A trim strim
Noise on the mountain top today. We have strimmed. It was a sunny and mild yet again today, so out came the big guns. Well, gun. I love our strimmer. It starts first go, and makes mincemeat of long grass and weeds.
I wanted to cut all the grass in the quince garden as there are good bulbs at the base of the bank. Camassias. So that was where I started. But the curse of the strimmer is you get such great results. And then notice just how much you really need to do.
I finished the quince bank (never easy on a steep slope) and wanted to head up to the top of the bank and work my way along and down. But was wisely hauled inside for a cup of tea and a sit down. I’m not strong enough yet for a full on strimming session.
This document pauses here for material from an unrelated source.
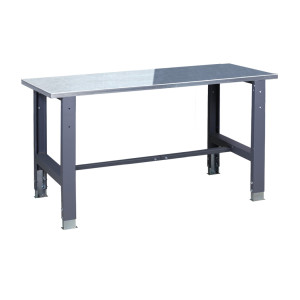 Верстак слесарный на стационарных регулируемых опорах ВР 31 О(2,0)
So it was raking and weeding for the rest of the day. And moving some euphorbias about in the shade garden. And playing with Artur.
Oh yes, and entertaining the horse. I was weeding and feeding the hedge which borders our property from Jean Daniel’s.
So Ulysse came trotting over for an apple and then spent a good half hour standing right above me as I worked.
He must have been confused by my behaviour, but was mightily entertained. And I weeded the hedge. And then grabbed my exceptionally smelly organic garden food pellets and scattered a handful over each perfectly weeded hedging plant
And then as is the way with chores, I put off raking all the wonderful dead thatch that came out of the lower terrace below the pool strimming job. Here is a distant view of the worker doing a wonderful job.
It’s a huge long bank and requires a lot of patience.
I had planned to rake up the detritus straight away, but became distracted by chestnuts.
A sea of chestnuts.
There is a huge pile of them lapping the shores of the duck pond garden.
I started raking and collecting and ended up just piling them into enormous heaps for Dealing With Later.
And as I was picking them up from the base of the stone wall that sits at the top of the Duck Pond garden I had an idea.
Out came the chestnut burrs, the weeds and the recalcitrant brambles that always seem to clump near stone walls.
And with a quick rake over of the lovely rich soil I have decided to sow some seeds.
Not the wildflower mix which will be nearby all along the edge of the swimming pool garden, but verbena bonariensis seeds. If it all works I will be able to link the parts of the garden along this huge long line: potager, lawn garden, wildflower garden and duck pond.
But it’s very possible that the seeds won’t germinate (I’ll sow more in spring) and the weeds will invade. But it was a fun distraction from picking up strimmings.
But pick up I did. And had Artur to entertain me. He was playing some very complicated game with me while I worked. He neglected to tell me the rules but it seemed to involve ambushing me while I had a teetering pile of strimmings in the wheelbarrow and then leaping at me from the safety of the wall.
It was most diverting, if a bit alarming. Nothing like a flying rocket of fluff to make you drop your load.
By sunset the work was done and I repaired to a painkiller and a glass of bubbly. It’s only Christmas once a year.